The Malaysia stock market has moved higher in back-to-back sessions, rising more than 6 points or 0.4 percent along the way. The Kuala Lumpur Composite Index now sits just beneath the 1,465-point plateau although it may be stuck in neutral on Thursday.

The global forecast for the Asian markets is weak on renewed concerns over the outlook for interest rates. The European markets were mixed and the U.S. bourses were down and the Asian markets figure to split the difference.

The KLCI finished slightly higher on Wednesday following mixed performances from the financial shares, plantation stocks and telecoms.

For the day, the index rose 3.23 points or 0.22 percent to finish at 1,463.51 after trading between 1,458.37 and 1,464.27.

Among the actives, Axiata advanced 0.75 percent, while Celcomdigi eased 0.23 percent, CIMB Group climbed 0.88 percent, Dialog Group tumbled 2.21 percent, Genting surged 2.70 percent, Genting Malaysia jumped 1.13 percent, IOI Corporation rose 0.25 percent, Kuala Lumpur Kepong fell 0.26 percent, Maxis gained 0.50 percent, MISC was up 0.14 percent, MRDIY added 0.64 percent, Petronas Chemicals improved 0.74 percent, PPB Group dropped 0.74 percent, Press Metal perked 0.41 percent, Public Bank sank 0.48 percent, RHB Capital collected 0.35 percent, Sime Darby Plantations spiked 1.14 percent, Telekom Malaysia lost 0.39 percent, Tenaga Nasional rallied 1.01 percent and Westports Holdings, IHH Healthcare, Maybank, Sime Darby and Petronas Dagangan were unchanged.

The lead from Wall Street is negative as the major averages opened slightly higher on Wednesday but quickly turned lower and ended solidly in the red.

The Dow dropped 180.65 points or 0.52 percent to finish at 34,765.74, while the NASDAQ tumbled 156.42 points or 1.15 percent to close at 13,474.63 and the S&P 500 sank 33.53 points or 076 percent to end at 4,404.33.

The weakness that emerged on Wall Street followed the release of the minutes from the Federal Reserve’s July meeting, which said “most of the central bank officials continued to see significant upside risks to inflation, which could require further tightening of monetary policy.”
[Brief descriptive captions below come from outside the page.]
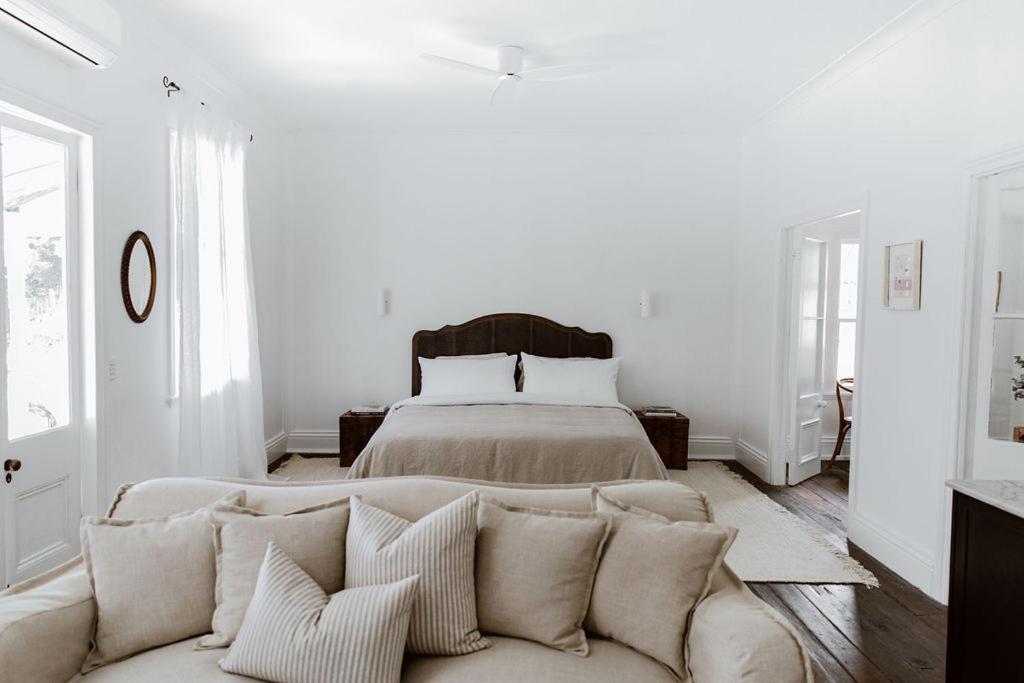 a white living room with a couch and a bed at The Postman's Cottage - Hinterland Luxury in Montville
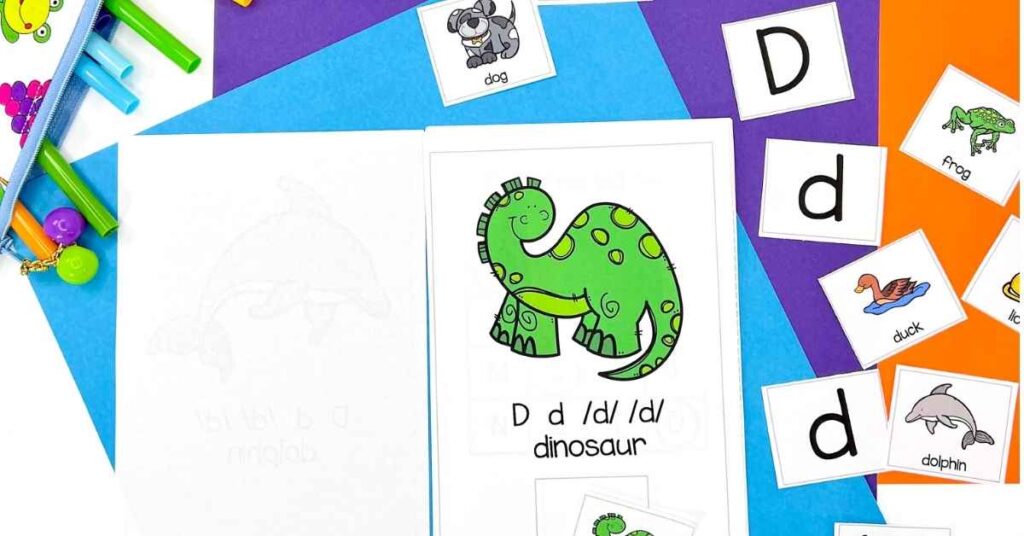Letter D alphabet reader adapted book showing a dinosaur piece being matched to the page showing d d dinosaur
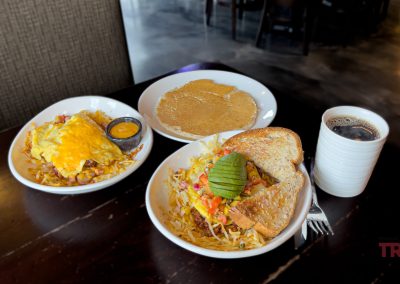 A table with three breakfast dishes: a cheesy hash brown bowl with sauce, pancakes, and a veggie-topped egg bowl with toast and avocado. A cup of black coffee sits nearby.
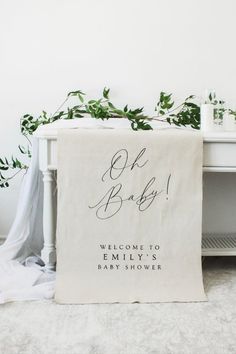 a welcome baby banner on the floor next to a white dresser with greenery in it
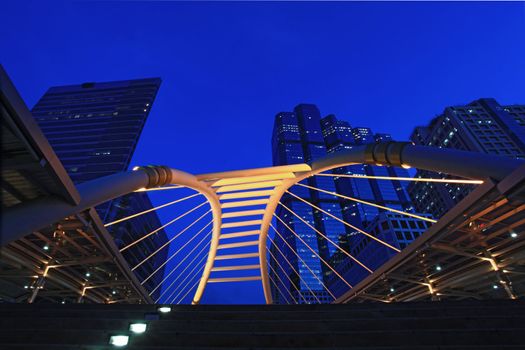 Bangkok pubic skywalk in business district downtown cityscape at night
In economic news, U.S. industrial and manufacturing production both eased in July, while building permits and housing starts saw mild upside.

Crude oil prices slipped Wednesday amid worries about the outlook for energy demand from China and uncertainty over interest rates. West Texas Intermediate Crude oil futures for September shed $1.61 or 2 percent at $79.38 a barrel.